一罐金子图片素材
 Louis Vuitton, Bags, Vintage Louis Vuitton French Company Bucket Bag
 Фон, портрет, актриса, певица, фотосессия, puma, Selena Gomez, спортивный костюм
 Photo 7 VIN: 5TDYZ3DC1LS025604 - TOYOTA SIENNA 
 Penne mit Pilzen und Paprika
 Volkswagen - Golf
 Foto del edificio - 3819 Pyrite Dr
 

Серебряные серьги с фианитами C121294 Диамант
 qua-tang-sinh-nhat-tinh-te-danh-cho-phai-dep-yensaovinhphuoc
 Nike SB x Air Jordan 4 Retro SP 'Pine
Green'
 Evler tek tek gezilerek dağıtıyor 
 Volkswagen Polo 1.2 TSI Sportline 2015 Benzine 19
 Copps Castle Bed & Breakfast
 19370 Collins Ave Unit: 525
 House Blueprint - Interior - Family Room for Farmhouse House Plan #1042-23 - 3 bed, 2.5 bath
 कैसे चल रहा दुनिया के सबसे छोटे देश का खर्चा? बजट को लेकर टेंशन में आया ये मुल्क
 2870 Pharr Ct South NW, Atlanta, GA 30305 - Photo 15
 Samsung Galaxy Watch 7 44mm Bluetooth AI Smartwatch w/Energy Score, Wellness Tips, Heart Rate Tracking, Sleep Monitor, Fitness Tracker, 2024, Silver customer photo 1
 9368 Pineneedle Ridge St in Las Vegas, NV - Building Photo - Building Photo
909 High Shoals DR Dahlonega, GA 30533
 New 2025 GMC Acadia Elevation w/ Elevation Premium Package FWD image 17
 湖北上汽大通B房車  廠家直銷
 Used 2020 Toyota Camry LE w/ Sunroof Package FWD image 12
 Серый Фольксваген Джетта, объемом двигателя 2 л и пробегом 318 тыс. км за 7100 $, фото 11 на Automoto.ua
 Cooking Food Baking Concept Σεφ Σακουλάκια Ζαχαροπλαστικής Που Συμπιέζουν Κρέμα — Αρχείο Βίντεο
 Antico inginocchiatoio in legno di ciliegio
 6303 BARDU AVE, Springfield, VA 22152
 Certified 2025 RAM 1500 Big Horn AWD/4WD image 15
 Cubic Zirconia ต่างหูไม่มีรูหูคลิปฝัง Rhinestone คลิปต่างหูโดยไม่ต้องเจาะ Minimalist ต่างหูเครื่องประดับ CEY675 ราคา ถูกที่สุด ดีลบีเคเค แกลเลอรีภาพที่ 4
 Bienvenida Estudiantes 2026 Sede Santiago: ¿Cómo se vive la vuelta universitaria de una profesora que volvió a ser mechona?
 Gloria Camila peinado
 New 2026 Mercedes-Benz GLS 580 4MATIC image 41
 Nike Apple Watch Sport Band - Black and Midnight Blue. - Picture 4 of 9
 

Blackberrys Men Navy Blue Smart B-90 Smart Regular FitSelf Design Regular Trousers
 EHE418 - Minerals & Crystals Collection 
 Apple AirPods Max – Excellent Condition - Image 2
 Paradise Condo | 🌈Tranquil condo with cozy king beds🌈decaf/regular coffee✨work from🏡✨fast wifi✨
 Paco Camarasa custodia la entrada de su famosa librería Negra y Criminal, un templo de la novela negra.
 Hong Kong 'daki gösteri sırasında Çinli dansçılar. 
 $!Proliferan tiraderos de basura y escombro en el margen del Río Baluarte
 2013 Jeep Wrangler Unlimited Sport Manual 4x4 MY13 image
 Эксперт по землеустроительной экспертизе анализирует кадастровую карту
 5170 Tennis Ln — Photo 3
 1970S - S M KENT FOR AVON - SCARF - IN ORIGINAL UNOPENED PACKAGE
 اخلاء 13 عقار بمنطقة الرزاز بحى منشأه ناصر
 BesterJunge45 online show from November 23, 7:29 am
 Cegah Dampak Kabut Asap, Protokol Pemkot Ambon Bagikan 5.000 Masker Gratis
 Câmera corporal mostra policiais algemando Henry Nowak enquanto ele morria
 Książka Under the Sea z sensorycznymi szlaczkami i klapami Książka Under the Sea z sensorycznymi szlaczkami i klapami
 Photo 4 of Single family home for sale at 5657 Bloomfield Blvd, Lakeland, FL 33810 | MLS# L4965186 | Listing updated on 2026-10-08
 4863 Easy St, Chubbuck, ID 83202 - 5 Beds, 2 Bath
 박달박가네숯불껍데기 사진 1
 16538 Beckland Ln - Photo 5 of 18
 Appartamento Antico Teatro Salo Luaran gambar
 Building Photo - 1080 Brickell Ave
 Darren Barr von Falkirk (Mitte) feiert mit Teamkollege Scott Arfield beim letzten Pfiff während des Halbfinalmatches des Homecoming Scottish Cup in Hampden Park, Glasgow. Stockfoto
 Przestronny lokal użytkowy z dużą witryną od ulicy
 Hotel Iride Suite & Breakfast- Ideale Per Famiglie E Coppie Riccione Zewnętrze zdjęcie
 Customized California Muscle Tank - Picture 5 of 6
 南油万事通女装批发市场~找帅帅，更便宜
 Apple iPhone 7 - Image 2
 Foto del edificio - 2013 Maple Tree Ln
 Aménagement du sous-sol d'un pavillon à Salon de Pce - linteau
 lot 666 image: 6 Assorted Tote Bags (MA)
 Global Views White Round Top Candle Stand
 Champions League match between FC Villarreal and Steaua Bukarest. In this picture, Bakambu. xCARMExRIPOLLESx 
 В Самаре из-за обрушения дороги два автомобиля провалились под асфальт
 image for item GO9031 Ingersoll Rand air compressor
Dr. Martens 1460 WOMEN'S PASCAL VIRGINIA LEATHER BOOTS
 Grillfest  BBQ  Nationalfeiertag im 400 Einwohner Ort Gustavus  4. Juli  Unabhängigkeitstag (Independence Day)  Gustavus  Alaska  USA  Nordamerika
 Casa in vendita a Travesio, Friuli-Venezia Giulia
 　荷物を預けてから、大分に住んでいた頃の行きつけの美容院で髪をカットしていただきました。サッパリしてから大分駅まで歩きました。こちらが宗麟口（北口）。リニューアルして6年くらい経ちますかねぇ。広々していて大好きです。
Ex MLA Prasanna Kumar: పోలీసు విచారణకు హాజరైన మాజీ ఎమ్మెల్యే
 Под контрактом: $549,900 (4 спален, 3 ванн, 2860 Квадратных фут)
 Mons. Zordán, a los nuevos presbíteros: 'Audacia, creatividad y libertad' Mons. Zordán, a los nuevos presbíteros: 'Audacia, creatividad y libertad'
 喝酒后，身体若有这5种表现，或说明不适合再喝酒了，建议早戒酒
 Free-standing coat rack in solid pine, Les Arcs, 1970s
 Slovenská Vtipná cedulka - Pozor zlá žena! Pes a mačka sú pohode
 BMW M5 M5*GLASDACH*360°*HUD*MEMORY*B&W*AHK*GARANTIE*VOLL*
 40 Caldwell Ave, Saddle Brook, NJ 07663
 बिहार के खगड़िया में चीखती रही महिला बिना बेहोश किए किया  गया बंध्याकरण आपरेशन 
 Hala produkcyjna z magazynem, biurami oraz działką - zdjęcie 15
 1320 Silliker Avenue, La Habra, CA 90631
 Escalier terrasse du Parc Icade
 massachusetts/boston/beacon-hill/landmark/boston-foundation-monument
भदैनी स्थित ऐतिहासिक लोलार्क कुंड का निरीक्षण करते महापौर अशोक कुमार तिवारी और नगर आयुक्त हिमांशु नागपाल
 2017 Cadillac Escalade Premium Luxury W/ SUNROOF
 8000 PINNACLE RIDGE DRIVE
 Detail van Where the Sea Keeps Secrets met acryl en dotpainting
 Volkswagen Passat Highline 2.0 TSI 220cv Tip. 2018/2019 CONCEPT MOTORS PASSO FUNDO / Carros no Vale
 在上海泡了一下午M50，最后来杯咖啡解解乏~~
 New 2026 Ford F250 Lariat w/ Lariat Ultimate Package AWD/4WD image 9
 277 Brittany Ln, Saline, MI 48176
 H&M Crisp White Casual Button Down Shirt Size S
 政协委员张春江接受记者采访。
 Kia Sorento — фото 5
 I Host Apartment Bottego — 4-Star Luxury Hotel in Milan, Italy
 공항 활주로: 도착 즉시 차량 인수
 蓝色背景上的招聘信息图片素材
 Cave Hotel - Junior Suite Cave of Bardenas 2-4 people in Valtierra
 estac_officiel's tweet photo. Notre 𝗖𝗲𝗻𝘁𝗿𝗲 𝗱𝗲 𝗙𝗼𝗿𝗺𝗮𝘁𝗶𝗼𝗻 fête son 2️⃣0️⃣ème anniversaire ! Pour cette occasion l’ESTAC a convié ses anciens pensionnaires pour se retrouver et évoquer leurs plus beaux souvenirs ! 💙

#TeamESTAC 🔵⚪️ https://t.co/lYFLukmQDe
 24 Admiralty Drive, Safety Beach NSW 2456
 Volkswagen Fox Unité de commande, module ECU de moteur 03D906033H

───

Give back precisely the lines above that start at the line containing "Slovenská Vtipná cedulka" and end at the line containing "1320 Silliker Avenue, La Habra, CA 90631", inclusive. No other lines belong in the output.

◆ **Solution to this task**
 Slovenská Vtipná cedulka - Pozor zlá žena! Pes a mačka sú pohode
 BMW M5 M5*GLASDACH*360°*HUD*MEMORY*B&W*AHK*GARANTIE*VOLL*
 40 Caldwell Ave, Saddle Brook, NJ 07663
 बिहार के खगड़िया में चीखती रही महिला बिना बेहोश किए किया  गया बंध्याकरण आपरेशन 
 Hala produkcyjna z magazynem, biurami oraz działką - zdjęcie 15
 1320 Silliker Avenue, La Habra, CA 90631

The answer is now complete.